The work is simply a beast of musical force, mixing intricate human machination, complex staging, and the supernatural.

When asked “Why Macbeth?”, opera maestro James Meena replied, “Why not? The original play is famous beyond description; almost every high school student in the country reads it at some point. It has an intriguing plot; visually it looks interesting.”

He continued, “More than anything, it is not necessarily on the list of the ‘popular operas.’ It pushes the limits of what audiences expect to see on the stage without being ‘way out there.’ It is simply an excellent choice to expand the dramatic repertory of any company.”

The last Toledo production of Macbeth was in 1991. In this incarnation, it will be fully staged in Italian with English supertitles.

Macbeth was Verdi’s 10th opera, and the first of his Shakespearean settings. First performed in 1847, and later revised in 1865, it represents a pinnacle of the composer’s romantic style, combining flowing melodic lines with full dramatic intent, and a sea of plot twists and tangles guaranteed to please even the most stoic of the Italian romantics at the time.

The opera holds true to Shakespeare’s original plot, though it does reduce the original five acts to four. A Scottish general, Macbeth, encounters a coven of witches who predict his rise to greatness, eventually leading to kingship.

The prophecies unleash a torrent of machinations on the part of both Macbeth and his wife, Lady Macbeth. From Verdi’s perspective, the opera could easily have been called Lady Macbeth, as she clearly becomes the driving force sealing the Scotsman’s fate.

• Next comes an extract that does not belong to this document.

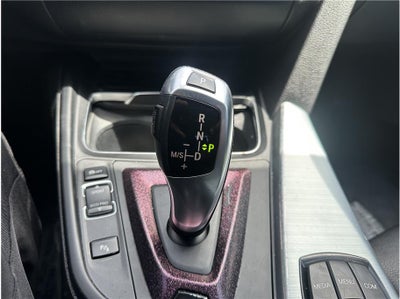 2018 BMW 3 Series 330e iPerformance Sedan 4D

What ensues are a series of heinous acts of murder from Macbeth’s colleague Banco (Banquo in the original), to the regicide of Duncano (Duncan the King), and the infanticide of his friend Macduff’s children as Macbeth and his wife attempt to manipulate fate to bring the prophecies to pass.

The end is classic tragedy: the madness and implied suicide of Lady Macbeth, and the eventual slaughter of Macbeth himself, who believes he is invincible. 

What makes the opera such a beast are the two main roles, Macbeth and Lady Macbeth. Not only is the singing the pinnacle of technical prowess, the backstory of the drama are so intricate and interwoven, they require consummate actors.

Michigan-based veteran baritone Mark Rucker was Meena’s first choice for the Scottish leader. Rucker has made a career of romantic tragic characters, from Rigoletto to Pagliacci, but he openly admits that Macbeth is one of his favorites.

The singer said, “I love the role. It’s Verdi; its complicated. I must continually interact with things that are not there, ghosts, motivations. And I always get to do it with different casts of people each time I perform it. My favorite parts are the apparition scenes. I must deal with all of these things that are in my head, whether or not the director decides to actually put them on stage.”

He continued, “Macbeth must deal with the larger implications of the role’s morality. He is a soldier sworn to loyalty, but contemplates and commits the regicide of his King to achieve the glory he desires, and that has been predicted…and his wife won’t wait for it to just happen naturally.”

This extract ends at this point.